Ein Schulsystem zu schaffen, das kein Kind beschämt und keines zurücklässt, das allen Kindern gleichermaßen eine gute Bildung zuteilwerden lässt.

Ursula Dörgers Lebenslauf liest sich wie ein Streifzug durch die Gesamtschulentwicklung der Bundesrepublik.

Sie begann ihre Lehrtätigkeit an einer Gesamtschule im Aufbau und engagierte sich von Anfang an nicht nur pädagogisch, sondern auch politisch. Sie wusste: wer gute Pädagogik will, wer gar ein anderes Schulsystem will, der muss den Marsch durch die Institutionen antreten. So war sie seit den 60er Jahren Gewerkschaftsmitglied und trat kurz danach in die FDP ein, die damals in Hessen u. a. das Modell der "Offenen Schule" anbot. Dort wurde der Keim gelegt für eine "andere" Gesamtschulpädagogik – eine, die als Ganztagsschule konzipiert über Fächergrenzen hinaus schaut, sich ins Umfeld öffnet und das Leben in die Schule hinein holt. Die Offene Schule Kassel-Waldau ist als einzige dieser Modelle übrig geblieben und hat viele Nachahmer gefunden.

In den 70er Jahren arbeitete Ursula Dörger an den Universitäten Frankfurt und Siegen. Dort erwarb sie die wissenschaftliche Basis für ihre späteren Tätigkeiten. Sie war Dezernentin für Gesamtschulentwicklung am Hessischen Institut für Bildungsplanung und Schulentwicklung (HIBS), leitete drei Jahre lang das Projekt Lehrerkooperation an Gesamtschulen der Max Traeger-Stiftung und war seit 1992 – inzwischen SPD-Mitglied – im Hessischen Kultusministerium für Gesamtschulen zuständig. Auf ihre Impulse und Ideen gehen die Materialien für Freies Arbeiten in der Sekundarstufe I in Hessen zurück; sie schulte die Pädagogischen Leiter an Gesamtschulen und gründete als Ministerialbeamtin den Arbeitskreis E/G-differenzierender Gesamtschulen, in dem sich die fortschrittliche Gesamtschulbewegung Hessens wiederfand.
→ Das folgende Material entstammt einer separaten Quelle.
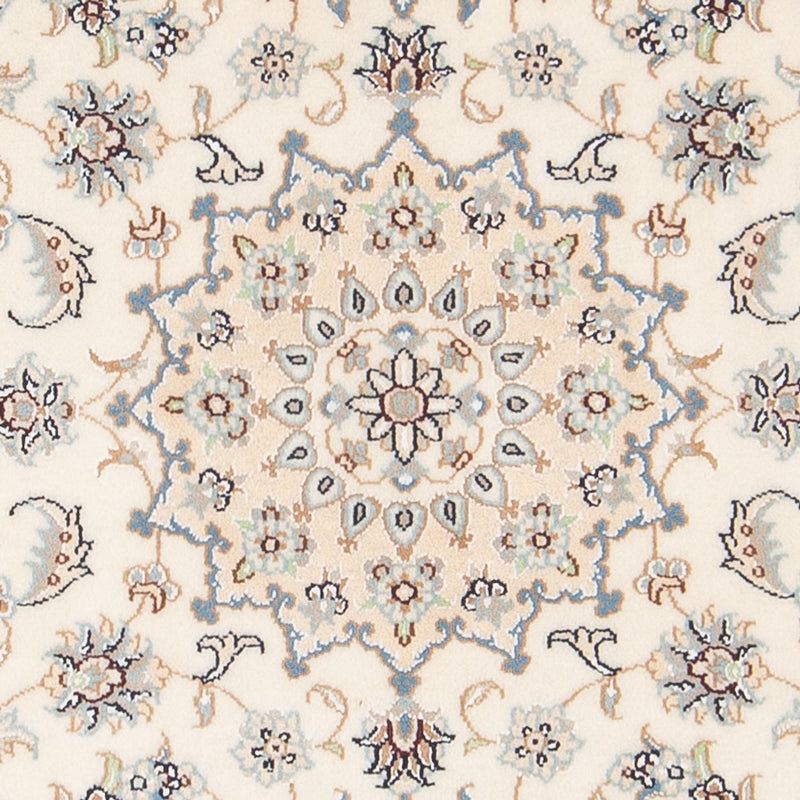 Nain - 6 la Teppe 137x76cm - Persisk teppe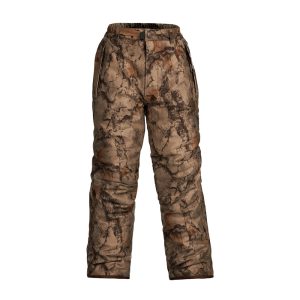 Custom Hunting Pants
Immer in engem Kontakt mit der Schulwirklichkeit konnte sie ihre ministerielle Arbeit auf Praxiserfahrung gründen und sorgte umgekehrt dafür, dass fortschrittliche Praxis justitiabel wurde. Gemeinsamer Unterricht, integrierte Hochbegabtenförderung, Förderplanentwicklung, Inklusion – Ursula Dörger unterstützte, ermutigte, gründete Arbeitsgruppen und ließ nichts unversucht, um das System in Richtung auf mehr Bildungsgerechtigkeit zu verändern

Ihre bildungspolitische "Heimat" war die GGG. Auch hier kannten wir sie stets als streitbar für die Sache des gemeinsamen Lernens. Mit Freude nahm sie zur Kenntnis, dass nach PISA Bewegung in die deutsche Bildungslandschaft geraten war; mit großer Zähigkeit schrieb sie bis zum Schluss auch GGG-intern gegen das "Ausruhen in der Zweigliedrigkeit" an. "Radikal, humorvoll, kämpferisch und menschlich" nannte sie Katrin Höhmann in ihrem Nachruf.

Ursula Dörgers großes Wissen war nie Herrschaftswissen, weil sie es uns stets mitteilte. "Ihre Visionen leben in unserer Arbeit fort", schrieben die Wiesbadener Gesamtschulen in ihrer Traueranzeige, "ihre Leistung wird uns stets Orientierung und Ansporn bleiben" formulierte die GGG. So wird es sein.